The US version won an MTV VMA in 2005 for Best New Artist in a Video, beating other nominees such as John Legend, Ciara, The Game, and My Chemical Romance.
The photos featured on the inner sleeve of the album Hot Fuss were shot on set during the filming of the UK version music video and were inspired by the black and white look of that video.

Releases and cover versions
In 2005, Stuart Price released a remix of the song under his pseudonym Jacques Lu Cont. Reviewers were generally negative: for example, Michael Paoletta said this version "depletes the song of its energy and intensity". That same year, this song as well as two others by the Killers (Smile Like You Mean It and Somebody Told Me) reached the Billboard Top 20 single chart. An extended version of the Stuart Price remix of the song was featured on the Killers' 2007 B-side and rarities compilation, Sawdust. During the tour for Brandon Flowers's solo record, he performed the remix version with Stuart Price during his show at Brixton Academy and has since performed it on his tour as the show closer, again in the remix form.

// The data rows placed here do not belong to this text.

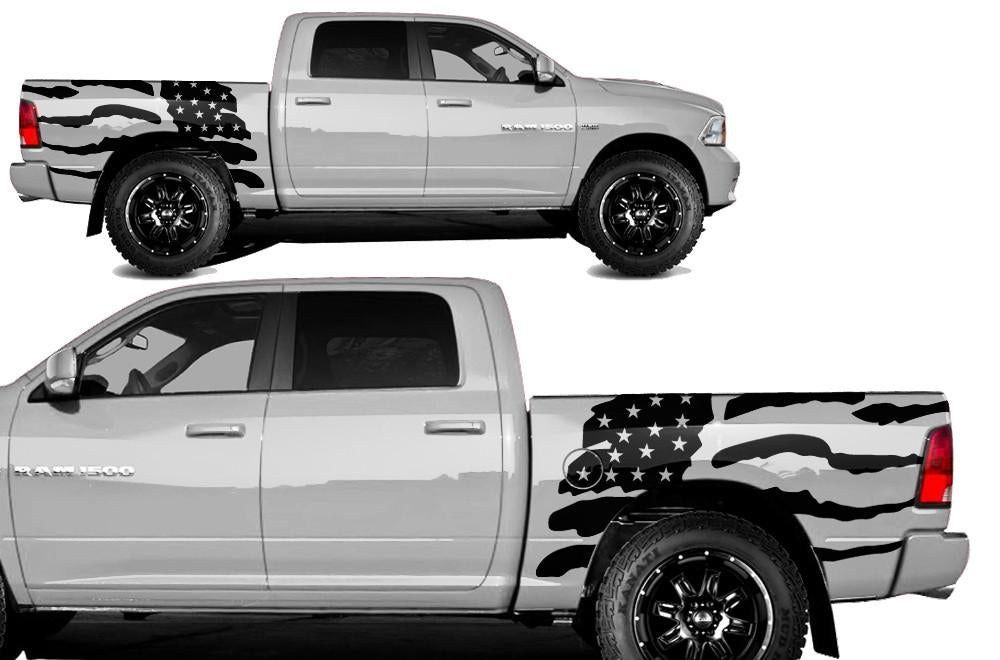Dodge Ram 5.7 Bed Wrap Kit (2009-2018) Vinyl - American Flag - RacerX Customs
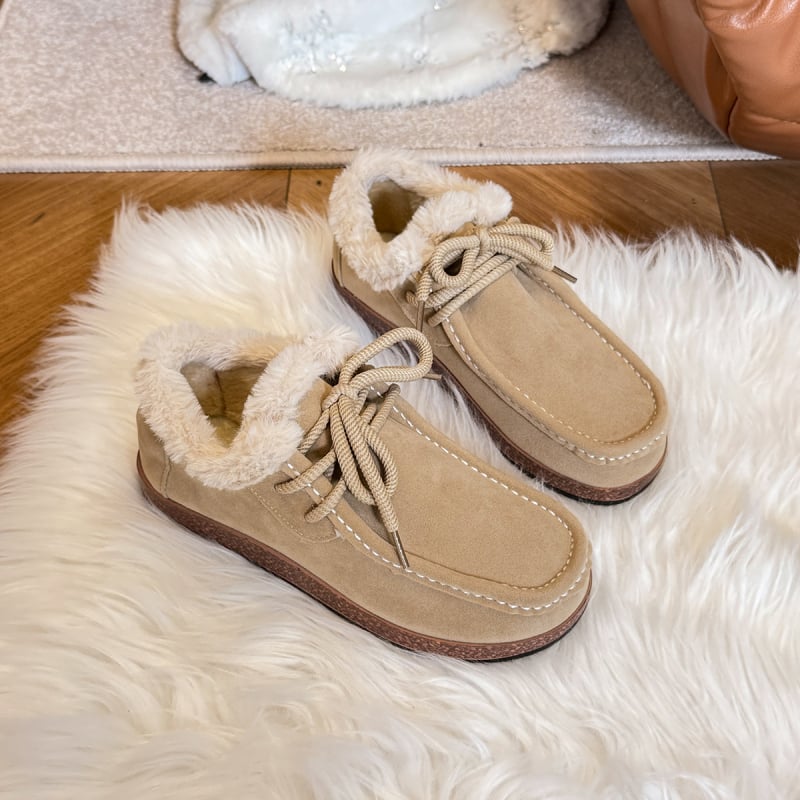 Unisex ζεστά loafers με συνθετικό δέρμα στην επάνω επιφάνεια, επένδυση από ψεύτικη γούνα, χαμηλό ύψος, στρογγυλή μύτη, καουτσούκ σόλα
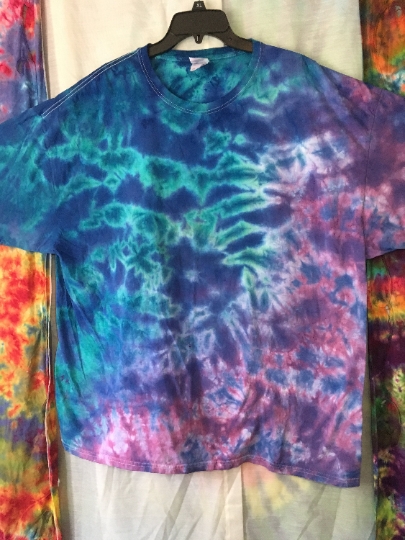 Crinkle Tie Dyed T Shirt - Pink, Light Blue, Dark Blue - 100% Cotton Mens Fruit of the Loom 3XL (54-56) Short Sleeve Shirt. #246 picture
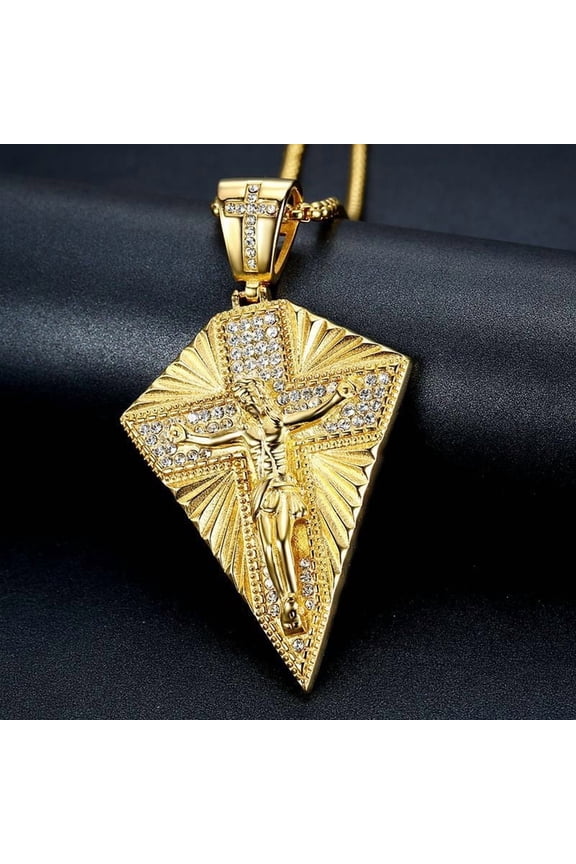 Men's Orthodox Crucifix Jesus Christ 14K Gold Filled Pendant Necklace, Religious Jewelry Confirmation Gift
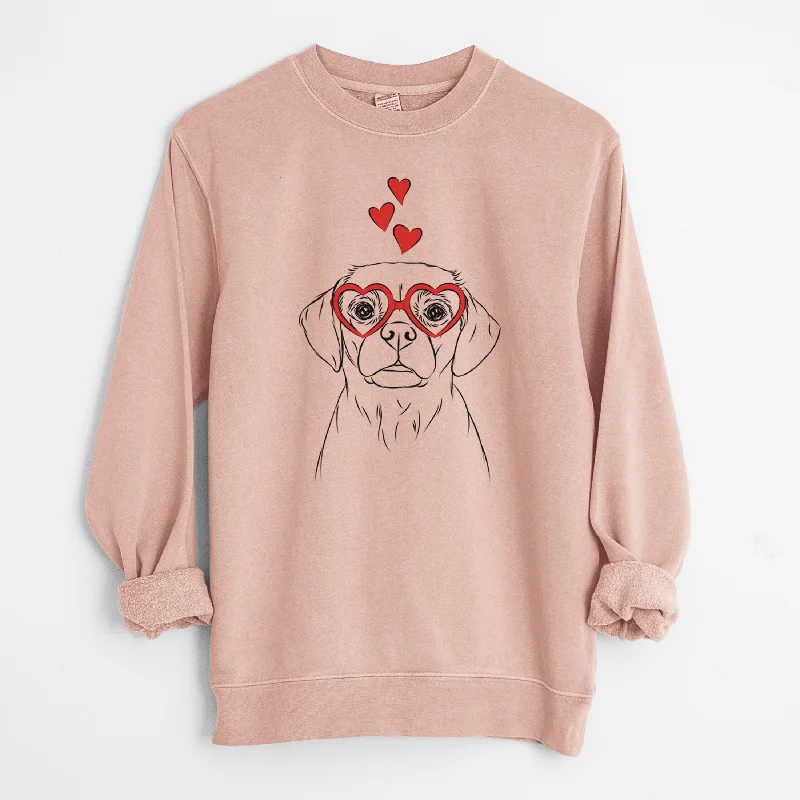 contemporary fitness sweatshirtValentine Popcorn the Puggle - Unisex Pigment Dyed Crew Sweatshirt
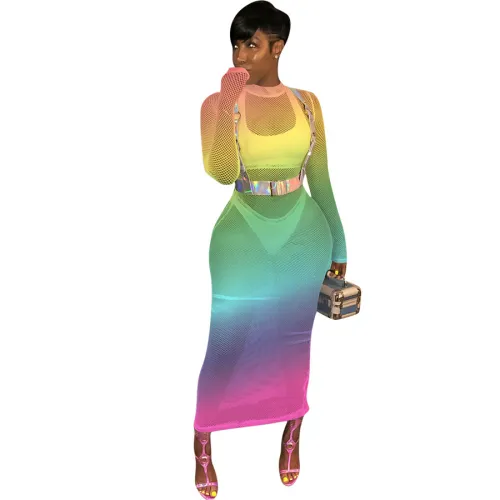 Fashion Cocktail Maxi Dress Sheer Women Break Clothes PQQM3710B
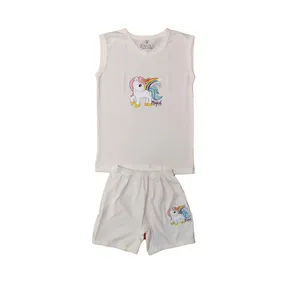 ست تاپ و شلوارک دخترانه مدل یونیکورن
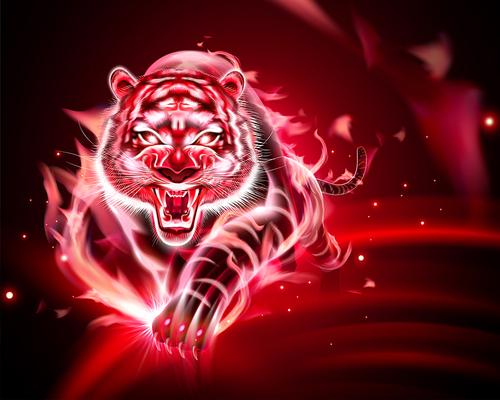 Vicious tiger with red burning flame in 3d illustration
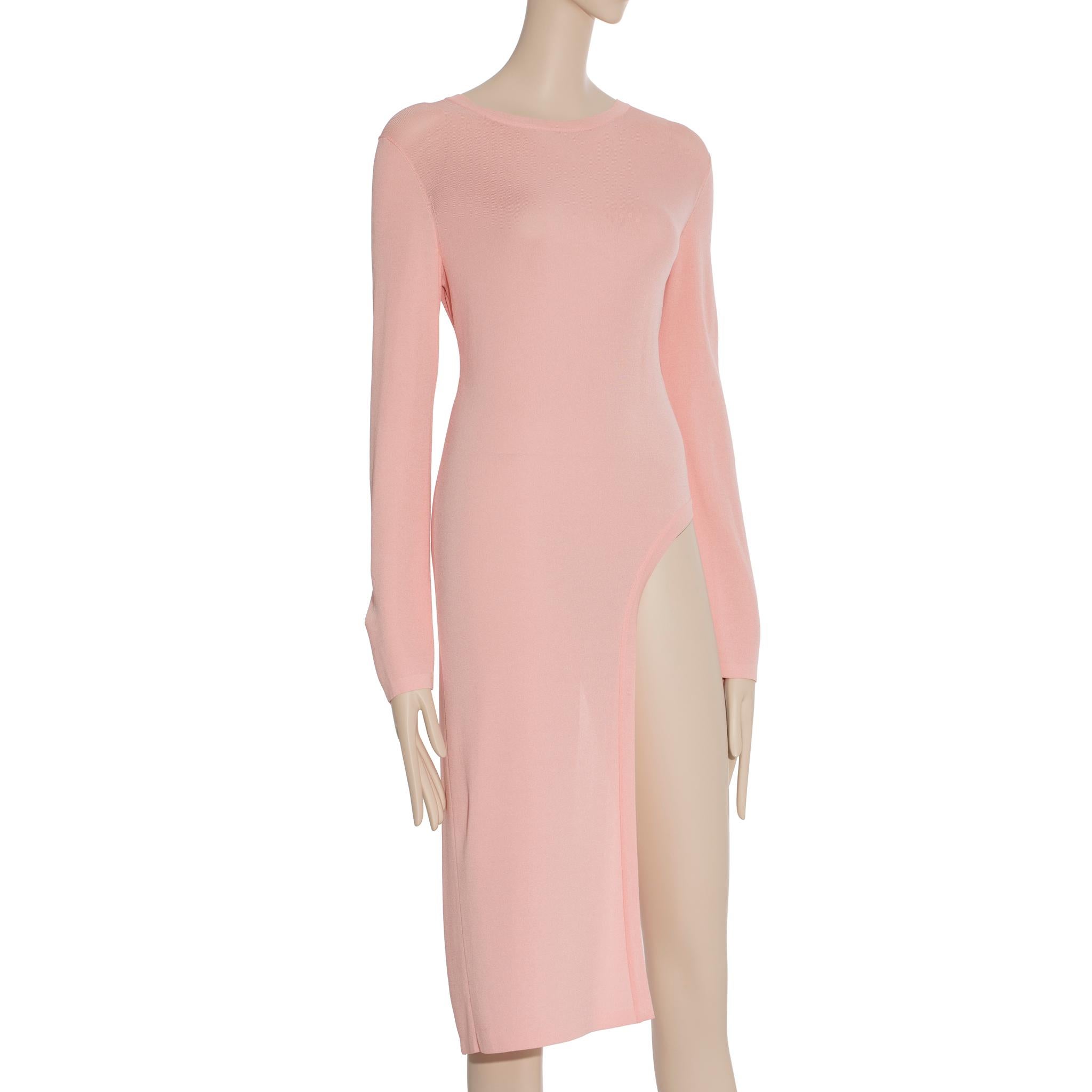 Chanel Knit Pink Long Sleeve Dress/Top 40 FR In New Condition For Sale In DOUBLE BAY, NSW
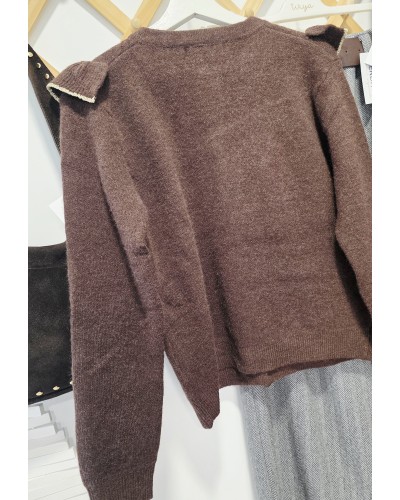 Cardigan Volante / Ribete Chocolate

An early demo of the song featured Dave Keuning on bass and Matt Norcross on drums, before Mark Stoermer and Ronnie Vannucci were members of the band. The original demo was officially released on the 2013 compilation album Direct Hits. On the Killers' 2012 album Battle Born, they released "Miss Atomic Bomb", which is considered a companion song to "Mr. Brightside" lyrically.

The song has been covered in a swing/jazz style by Paul Anka on his 2007 covers album Classic Songs, My Way. Crossover rock-jazz artist ELEW created a piano version for his 2010 ELEW Rockjazz Vol. 1. English pop-punk band McFly covered the song as a B-side to their 2005 single "I Wanna Hold You". Texan artist Playradioplay! covered the song on his 2007 EP The Frequency as well. An acoustic bluegrass cover was recorded for CMH Records' Bluegrass Tribute to The Killers. Abi Sampa from The Voice UK recorded a mashup of "Mr. Brightside" and M.I.A.'s "Paper Planes". Many other artists have performed live covers of the song, including American rock band Fall Out Boy, Chris Daughtry at The Masked Singer USA, Isa Raja on X Factor Indonesia and Scottish singer-songwriter Amy Macdonald.

The song has also been covered by the Vitamin String Quartet, Boyce Avenue and on the UK television show Orange Unsigned Act by contestant Tommy Reilly. Additionally, a cappella versions have been produced by groups including Wheaton College's Gentlemen Callers, MIT's Resonance and Boston-based Overboard. Flowers performed the song during his solo tour in 2010. Indonesian hardcore band Thirteen also covered this song. The Wanted covered the song as part of a medley of the Killers songs during their summer 2013 live shows. Kelly Clarkson covered the version live on The Kelly Clarkson Show. An acoustic version of the song covered by British singer-songwriter Charlotte Campbell was played during Love Island series 7 in 2021.

Legacy
"Mr. Brightside" was first played during an episode of the second season of the drama series The O.C. back in 2004, just a few months after its re-issue. Fast forward two years, it appeared on the soundtrack for the 2006 film The Holiday. The song is played on a CD player by the character Amanda Woods, portrayed by Cameron Diaz, in order to relieve stress and forget about her boyfriend's infidelity. The song is also briefly featured in the 2013 film About Time and Rabbit Without Ears. The song is the opening theme to the 2005 TV documentary Jamie’s School Dinners and the 2020 BBC Wales mini-documentary A Special School.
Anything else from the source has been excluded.